Im Ort gibt es eine Pension, sowie an Versorgungsmöglichkeiten einige Tavernen und einen Minimarkt. Wasser und Treibstoff sind nicht verfügbar. Am Scheitel der Bucht ist eine kleine Robbenaufzuchtstation eingerichtet, die jedoch nur im Winter zu ihrem ursprünglichen Zweck betrieben wird. Diese Anlage gehört mit zum National Maritime Park of Alonnisos.
Ormos Gerakas (auch Ormos Phirakos)
39° 16,29' N 023° 56,90' E
Einige verstreute Ferienhäuser und Gehöfte findet man hier, mittendrin das im Vergleich riesige Betonbauwerk der Meeresbeobachtungsstation. In der nach Nordosten offenen Bucht hat man einen kräftigen Wellenbrecher und Piers gebaut. Der Hafen wird offensichtlich nur von einigen Fischern genutzt. Einer der wenigen Häfen in der Ägäis, in denen man teilweise längsseits festgemacht liegt (zumindest wenn Platz vorhanden ist). Der Schutz bei Nordwind war bei unserem Besuch verblüffend gut, Erfahrungen bei kräftigem und länger andauerndem Meltemi liegen nicht vor. Keinerlei Versorgungsmöglichkeiten.
Ankerbucht Vasiliko auf Peristra
39° 12' N 023° 58,62' E
Ormos Vasiliko befindet sich auf der Westseite der Insel Peristera und bietet selbst bei Sturm aus Nord besten Schutz. Bei der Ansteuerung aus Norden ist wegen Unterwasserklippen großer Abstand zur Einfahrtshuk zu halten. Der Grund steigt aus großer Tiefe gleichmäßig an und besteht aus gut haltendem Sclick. Wegen einer schweren Mooringkette und einem Unterwasserkabel hält man sich besser an der Westseite der Bucht und ankert mit reichlich Kette auf 6-8m WT. Trotz der Neubauten ist es wohltuend still.

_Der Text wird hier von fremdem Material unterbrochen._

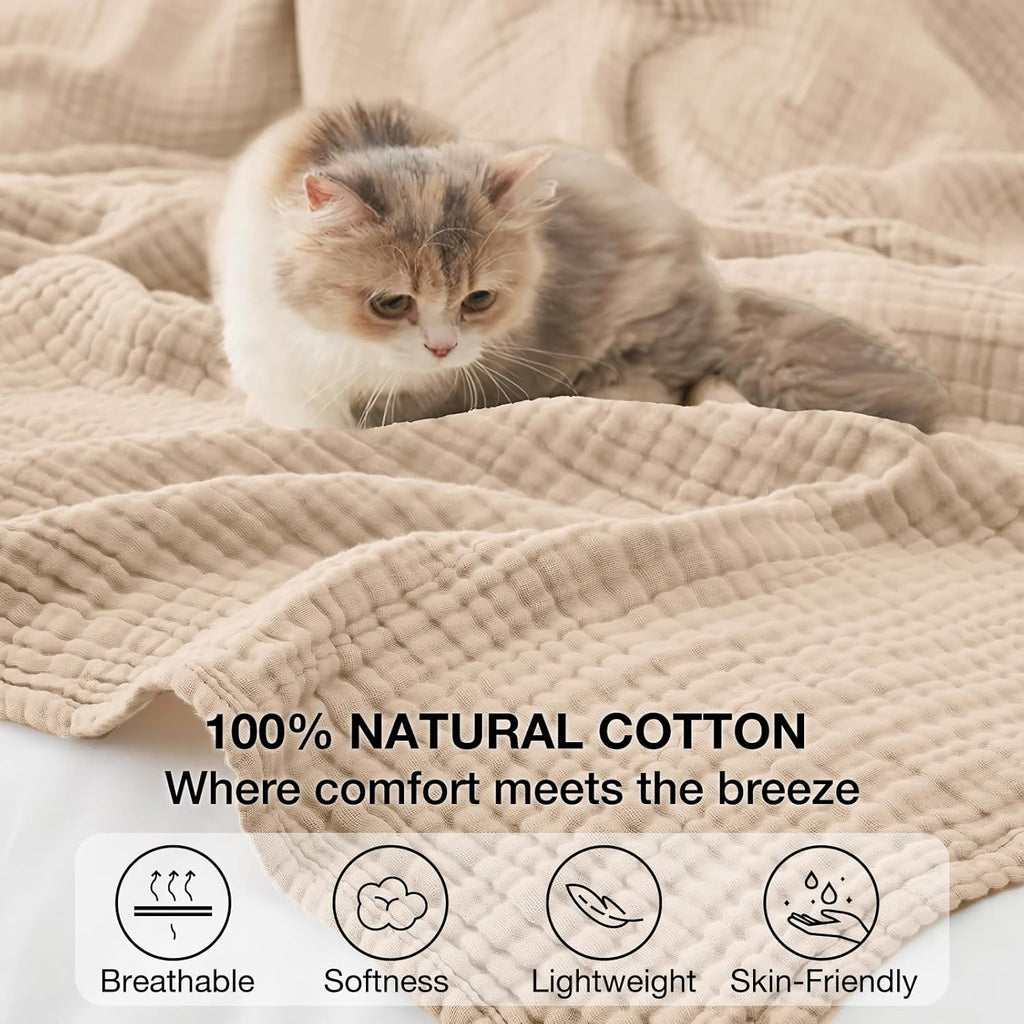☁️ 100% Cotton Muslin Blanket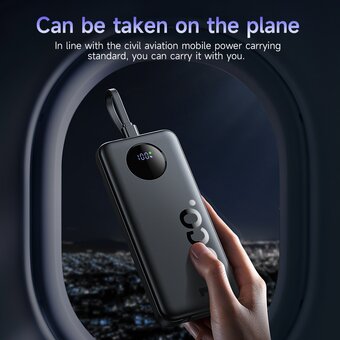 Аккумулятор внешний резервный HOCO J132 Sabio 22.5W+PD20W fully compatible power bank with 3 cables 10000mAh черный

Ankerbucht Klima auf Peristra
39° 11,4' N 023° 58,74' E
In den Seekarten namenlos, griechisch Ormos Klima genannt. Die sehr reizvolle Bucht schneidet von hohen Felsen umgeben an der Ostseite von Peristera tief nach Südwesten ein. Die Ansteuerung ist problemlos, da keine Untiefen existieren. Der Grund steigt aus großer Tiefe erst nahe vor dem Strand schnell an. Er besteht aus größeren Steinen, hält aber gut. Hinter dem steinigen Strand befindet sich ein Brunnen mit Süßwasser.
Die Hauptwindrichtung in den nördlichen Sporaden ist Nord
(Meltemi). Gerade in den Sommermonaten weht hier der Meltemi aus dem ersten oder vierten Quadranten, jedoch weniger stark als im Süden der Ägäis. Im Frühjahr und Herbst gibt es wesentlich weniger Wind, wechselnd aus nördlichen Richtungen, aber auch aus Süd. Im Trikeri-Kanal Düseneffekt von Ost nach West. Es empfiehlt sich, in den Monaten Juli und August Ankerbuchten und Liegeplätze nach Schutz gegen Nordwind auszusuchen. Unter der Telefonnummer 01/9629316 gibt ein englisch sprechender Meteorologe Auskunft über das Wetter der nächsten drei Tage.